## Exercise brief
Find every line in the entries that holds the string "landscape" and report it.

(Short descriptive text snippets)
┄┄┄┄┄┄

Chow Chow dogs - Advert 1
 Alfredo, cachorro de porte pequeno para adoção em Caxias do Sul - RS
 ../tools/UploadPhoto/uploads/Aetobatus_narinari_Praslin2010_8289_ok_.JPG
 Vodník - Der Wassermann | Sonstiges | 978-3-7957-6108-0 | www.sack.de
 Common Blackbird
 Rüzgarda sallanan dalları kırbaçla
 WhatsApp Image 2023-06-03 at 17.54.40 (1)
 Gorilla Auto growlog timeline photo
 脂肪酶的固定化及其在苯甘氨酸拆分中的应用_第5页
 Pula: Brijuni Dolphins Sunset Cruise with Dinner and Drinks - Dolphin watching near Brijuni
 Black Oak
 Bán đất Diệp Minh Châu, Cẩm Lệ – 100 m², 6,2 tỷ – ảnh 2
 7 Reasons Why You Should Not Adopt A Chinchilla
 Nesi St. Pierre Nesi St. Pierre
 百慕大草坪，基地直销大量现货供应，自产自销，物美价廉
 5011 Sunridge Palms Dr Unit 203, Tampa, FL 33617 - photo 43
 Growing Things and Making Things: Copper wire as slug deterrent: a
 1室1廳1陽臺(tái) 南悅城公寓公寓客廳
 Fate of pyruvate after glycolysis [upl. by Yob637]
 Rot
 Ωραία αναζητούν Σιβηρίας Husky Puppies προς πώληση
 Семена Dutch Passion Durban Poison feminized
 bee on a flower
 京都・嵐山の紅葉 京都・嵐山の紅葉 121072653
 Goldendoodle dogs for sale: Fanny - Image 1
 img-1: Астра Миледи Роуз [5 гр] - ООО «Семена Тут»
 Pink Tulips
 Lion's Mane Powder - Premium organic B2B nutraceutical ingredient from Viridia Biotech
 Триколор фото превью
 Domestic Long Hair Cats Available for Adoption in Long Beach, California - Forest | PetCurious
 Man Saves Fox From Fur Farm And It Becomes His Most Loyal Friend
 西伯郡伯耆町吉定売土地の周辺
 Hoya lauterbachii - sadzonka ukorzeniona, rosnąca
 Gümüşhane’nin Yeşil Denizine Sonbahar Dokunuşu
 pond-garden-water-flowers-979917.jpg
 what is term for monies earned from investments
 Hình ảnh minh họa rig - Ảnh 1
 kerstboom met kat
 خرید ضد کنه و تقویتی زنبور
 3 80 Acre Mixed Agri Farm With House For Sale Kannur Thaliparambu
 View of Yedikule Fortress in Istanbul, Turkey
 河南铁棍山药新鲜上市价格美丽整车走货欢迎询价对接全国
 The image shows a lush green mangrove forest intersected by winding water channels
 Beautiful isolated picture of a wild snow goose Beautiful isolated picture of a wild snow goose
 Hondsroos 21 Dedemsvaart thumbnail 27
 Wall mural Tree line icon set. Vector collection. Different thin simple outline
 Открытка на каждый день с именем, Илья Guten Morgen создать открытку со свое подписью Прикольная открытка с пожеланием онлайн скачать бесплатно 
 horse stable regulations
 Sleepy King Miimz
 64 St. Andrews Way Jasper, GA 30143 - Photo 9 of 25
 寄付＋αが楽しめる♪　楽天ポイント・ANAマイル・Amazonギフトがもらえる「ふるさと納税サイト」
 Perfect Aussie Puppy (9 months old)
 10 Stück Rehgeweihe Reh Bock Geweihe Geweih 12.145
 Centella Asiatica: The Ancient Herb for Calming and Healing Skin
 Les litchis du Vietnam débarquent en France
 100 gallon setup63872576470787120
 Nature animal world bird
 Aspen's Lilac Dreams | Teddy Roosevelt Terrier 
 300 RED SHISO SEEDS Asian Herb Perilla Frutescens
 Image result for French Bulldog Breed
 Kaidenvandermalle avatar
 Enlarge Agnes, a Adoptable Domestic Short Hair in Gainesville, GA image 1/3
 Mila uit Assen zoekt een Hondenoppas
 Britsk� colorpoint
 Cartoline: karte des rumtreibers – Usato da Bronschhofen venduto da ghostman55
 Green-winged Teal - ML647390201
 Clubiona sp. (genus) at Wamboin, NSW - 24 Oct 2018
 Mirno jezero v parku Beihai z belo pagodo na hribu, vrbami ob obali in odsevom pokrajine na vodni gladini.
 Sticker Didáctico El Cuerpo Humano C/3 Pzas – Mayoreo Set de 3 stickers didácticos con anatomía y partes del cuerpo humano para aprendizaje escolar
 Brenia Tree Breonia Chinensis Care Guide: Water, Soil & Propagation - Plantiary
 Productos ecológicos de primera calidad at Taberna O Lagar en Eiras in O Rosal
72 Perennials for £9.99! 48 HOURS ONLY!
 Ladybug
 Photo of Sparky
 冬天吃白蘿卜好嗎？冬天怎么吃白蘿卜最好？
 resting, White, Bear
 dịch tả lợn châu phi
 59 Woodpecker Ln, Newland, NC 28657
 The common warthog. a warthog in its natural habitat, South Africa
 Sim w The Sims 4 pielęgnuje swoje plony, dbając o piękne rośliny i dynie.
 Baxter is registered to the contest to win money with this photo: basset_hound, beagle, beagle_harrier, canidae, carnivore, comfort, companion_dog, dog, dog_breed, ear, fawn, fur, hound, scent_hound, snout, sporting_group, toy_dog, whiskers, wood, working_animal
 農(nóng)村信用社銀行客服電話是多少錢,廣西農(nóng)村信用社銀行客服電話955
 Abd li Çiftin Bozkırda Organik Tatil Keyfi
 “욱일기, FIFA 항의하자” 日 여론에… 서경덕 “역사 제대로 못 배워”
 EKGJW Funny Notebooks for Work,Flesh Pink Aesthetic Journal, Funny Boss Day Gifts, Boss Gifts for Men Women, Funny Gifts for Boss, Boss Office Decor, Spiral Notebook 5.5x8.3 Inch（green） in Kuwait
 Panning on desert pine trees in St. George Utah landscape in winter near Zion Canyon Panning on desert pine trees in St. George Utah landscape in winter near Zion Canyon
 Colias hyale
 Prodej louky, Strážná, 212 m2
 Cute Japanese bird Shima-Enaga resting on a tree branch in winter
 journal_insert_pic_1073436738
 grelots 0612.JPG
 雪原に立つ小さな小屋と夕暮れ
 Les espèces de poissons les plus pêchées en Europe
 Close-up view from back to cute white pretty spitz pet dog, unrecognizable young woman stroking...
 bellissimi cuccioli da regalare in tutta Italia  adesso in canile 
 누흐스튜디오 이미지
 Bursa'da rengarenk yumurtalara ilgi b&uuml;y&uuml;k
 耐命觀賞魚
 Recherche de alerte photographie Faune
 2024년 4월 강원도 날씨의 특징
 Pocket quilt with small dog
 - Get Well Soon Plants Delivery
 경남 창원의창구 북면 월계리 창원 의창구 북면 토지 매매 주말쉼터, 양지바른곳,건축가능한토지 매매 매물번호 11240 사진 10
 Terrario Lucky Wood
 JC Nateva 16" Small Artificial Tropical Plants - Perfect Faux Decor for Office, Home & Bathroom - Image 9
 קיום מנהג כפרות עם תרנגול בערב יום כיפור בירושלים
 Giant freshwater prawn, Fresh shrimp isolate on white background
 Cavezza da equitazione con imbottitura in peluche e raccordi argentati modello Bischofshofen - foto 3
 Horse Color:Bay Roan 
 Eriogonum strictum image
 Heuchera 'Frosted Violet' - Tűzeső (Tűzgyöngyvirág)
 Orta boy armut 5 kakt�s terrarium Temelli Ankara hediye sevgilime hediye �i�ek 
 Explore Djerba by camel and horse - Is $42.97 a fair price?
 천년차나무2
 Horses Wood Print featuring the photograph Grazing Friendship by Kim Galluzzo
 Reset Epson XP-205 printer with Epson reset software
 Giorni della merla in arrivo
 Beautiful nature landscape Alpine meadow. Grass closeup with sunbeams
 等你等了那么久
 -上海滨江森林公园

┄┄┄┄┄┄

## Solution for this problem
 Panning on desert pine trees in St. George Utah landscape in winter near Zion Canyon Panning on desert pine trees in St. George Utah landscape in winter near Zion Canyon
 Beautiful nature landscape Alpine meadow. Grass closeup with sunbeams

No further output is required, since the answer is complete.